▸ WORK ORDER: Leave the images aside and copy out the whole listing, exact to the word.

────────────────

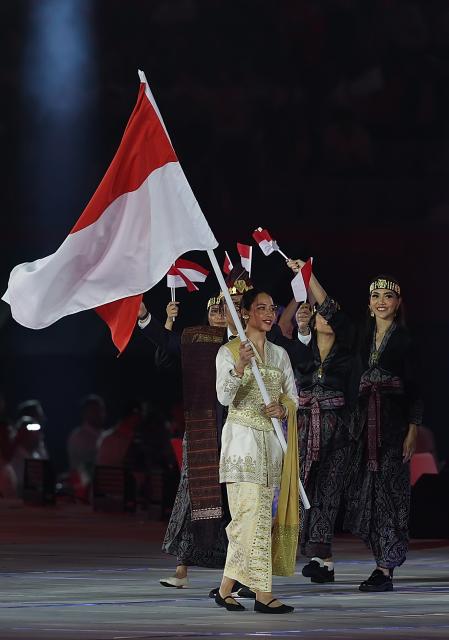 (260919) -- NAGOYA, Sept. 19, 2026 (Xinhua) -- Delegation of Indonesia parades into the stadium during the opening ceremony of the 20th Asian Games Aichi-Nagoya 2026 in Nagoya, Japan, Sept. 19, 2026. (Xinhua/Li Bo)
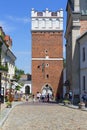 14th century gothic entrance Opatowska Gate, view of Opatowska Street, Sandomierz, Poland Royalty Free Stock Photo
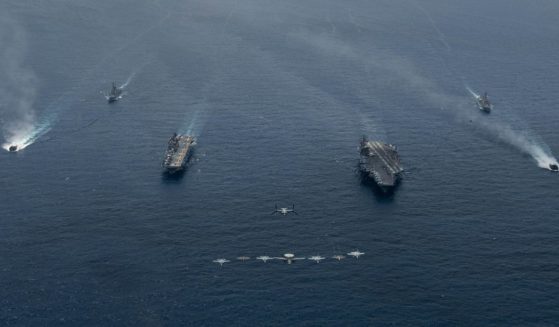 Ships and aircraft from Nimitz Carrier Strike Group and Makin Island Amphibious Ready Group operate in formation in the South China Sea in February.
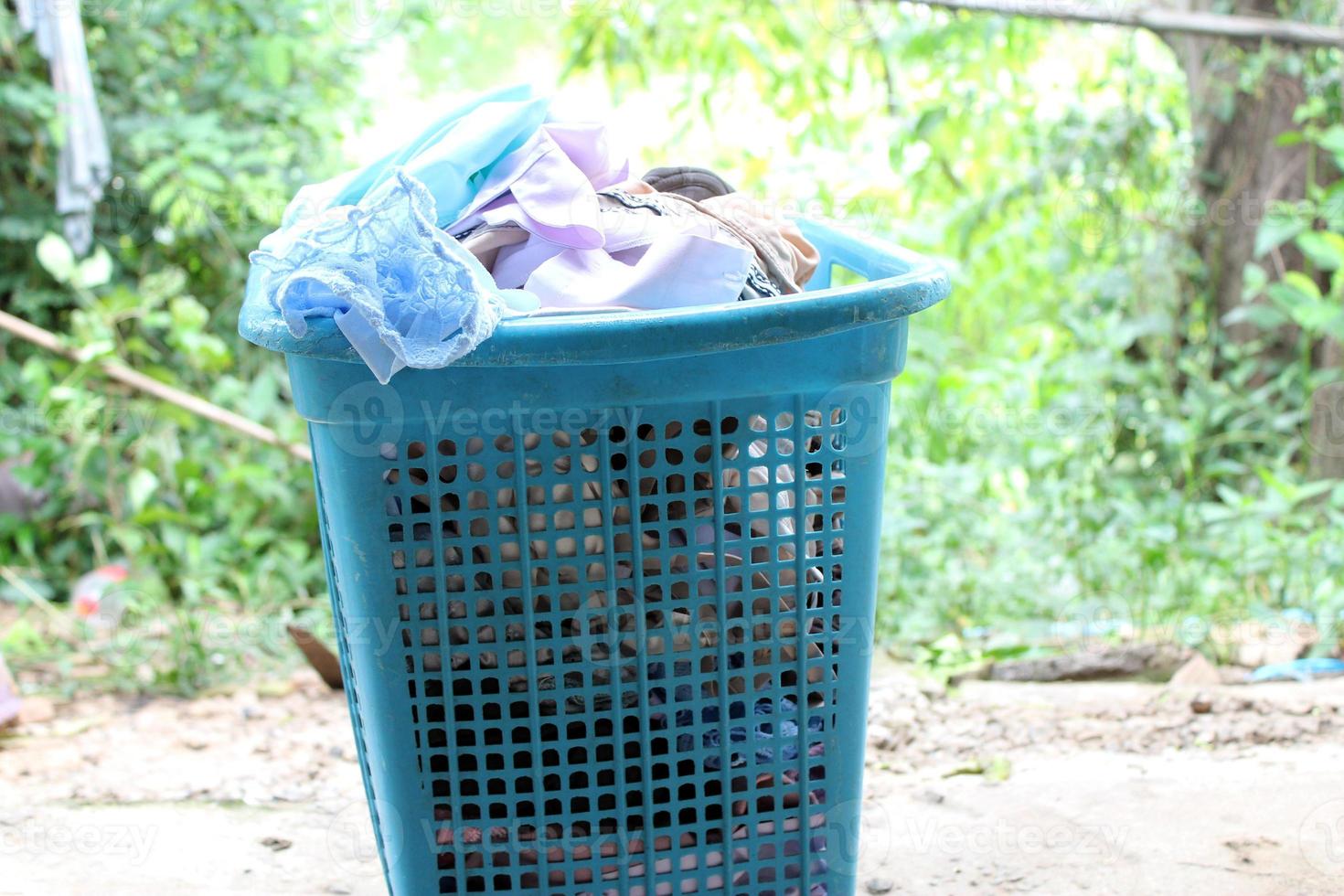 Pile of clothes overflow plastic laundry basket for washing photo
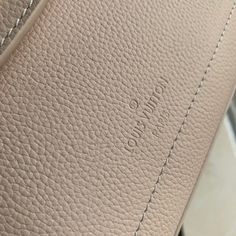 the inside of a white leather purse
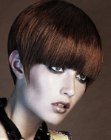 Short haircut with pointed sides and low bangs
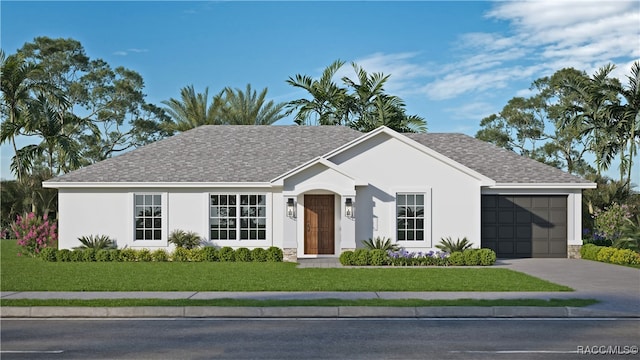 ranch-style house featuring a front yard and a garage
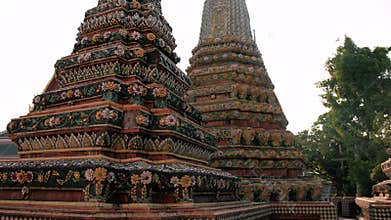 Ancient buddhist temple wat pho featuring ornamental architectural details, highlighting intricate stupa decorations and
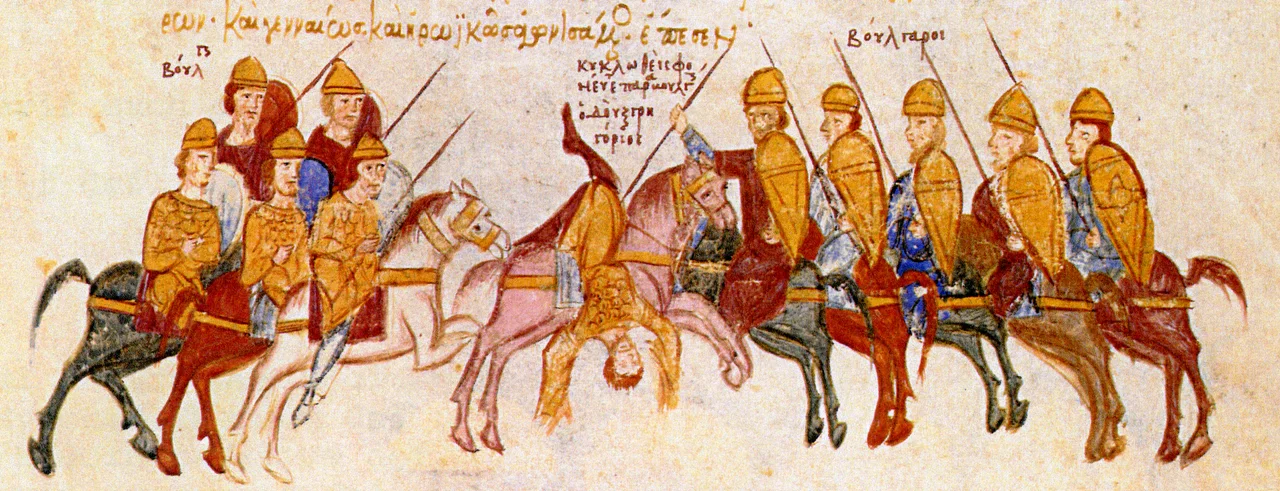 Skyllitzes Matritensis, fol. 184v, detail. 
Miniature:

Bulgarians ambush and kill the governor of Thessalonica, Duke Gregory Taronites.
Text from the Chronicle of John Skylitzes: "... Samuel was campaigning against Thessalonike. He divided the majority of his forces to man ambushes and snares but he sent a small expedition to advance right up to Thessalonike itself. When duke Gregory [Taronites] learnt of this incursion he despatched Asotios, his own son, to spy on and reconnoitre the [enemy] host and to provide him with inteligence and then he himself came along afterwards. Asiotios set out and came into conflict with the [enemy] vanguard which he put to flight, only to be taken unwittingly in an ambush. On hearing of this Gregory rushed to the help of his son, striving to deliver him from captivity, bu he too was surrounded by Bulgars; he fell fighting nobly and heroically. ..." (Translated by John Wortley, in: John Skylitzes: A Synopsis of Byzantine History, 811-1057: Translation and Notes, p. 323)
References:

Ioannis Scylitzae Synopsis Historiarum. Editio Princeps. Rec. Ioannes Thurn, p. 341, in: Corpus Fontium Historiae Byzantinae 5 Series Berolinensis, 1973
Tsamakda V.: The illustrated chronicle of Ioannes Skylitzes in Madrid, p. 221
Божилов Ив.: Българите във Византийската империя, p. 183
Grabar A., Manoussacas M.: L'illustration du manuscript de Skylitzes de Madrid, p. 100
Божков А.: Миниатюри от Мадридския ръкопис на Йоан Скилица, p. 225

────────────────

▸ OUTPUT FOR THIS EXERCISE:
 (260919) -- NAGOYA, Sept. 19, 2026 (Xinhua) -- Delegation of Indonesia parades into the stadium during the opening ceremony of the 20th Asian Games Aichi-Nagoya 2026 in Nagoya, Japan, Sept. 19, 2026. (Xinhua/Li Bo)
 14th century gothic entrance Opatowska Gate, view of Opatowska Street, Sandomierz, Poland Royalty Free Stock Photo
 Ships and aircraft from Nimitz Carrier Strike Group and Makin Island Amphibious Ready Group operate in formation in the South China Sea in February.
 Pile of clothes overflow plastic laundry basket for washing photo
 the inside of a white leather purse
 Short haircut with pointed sides and low bangs
 ranch-style house featuring a front yard and a garage
 Ancient buddhist temple wat pho featuring ornamental architectural details, highlighting intricate stupa decorations and
 Skyllitzes Matritensis, fol. 184v, detail. 
Miniature:

Bulgarians ambush and kill the governor of Thessalonica, Duke Gregory Taronites.
Text from the Chronicle of John Skylitzes: "... Samuel was campaigning against Thessalonike. He divided the majority of his forces to man ambushes and snares but he sent a small expedition to advance right up to Thessalonike itself. When duke Gregory [Taronites] learnt of this incursion he despatched Asotios, his own son, to spy on and reconnoitre the [enemy] host and to provide him with inteligence and then he himself came along afterwards. Asiotios set out and came into conflict with the [enemy] vanguard which he put to flight, only to be taken unwittingly in an ambush. On hearing of this Gregory rushed to the help of his son, striving to deliver him from captivity, bu he too was surrounded by Bulgars; he fell fighting nobly and heroically. ..." (Translated by John Wortley, in: John Skylitzes: A Synopsis of Byzantine History, 811-1057: Translation and Notes, p. 323)
References:

Ioannis Scylitzae Synopsis Historiarum. Editio Princeps. Rec. Ioannes Thurn, p. 341, in: Corpus Fontium Historiae Byzantinae 5 Series Berolinensis, 1973
Tsamakda V.: The illustrated chronicle of Ioannes Skylitzes in Madrid, p. 221
Божилов Ив.: Българите във Византийската империя, p. 183
Grabar A., Manoussacas M.: L'illustration du manuscript de Skylitzes de Madrid, p. 100
Божков А.: Миниатюри от Мадридския ръкопис на Йоан Скилица, p. 225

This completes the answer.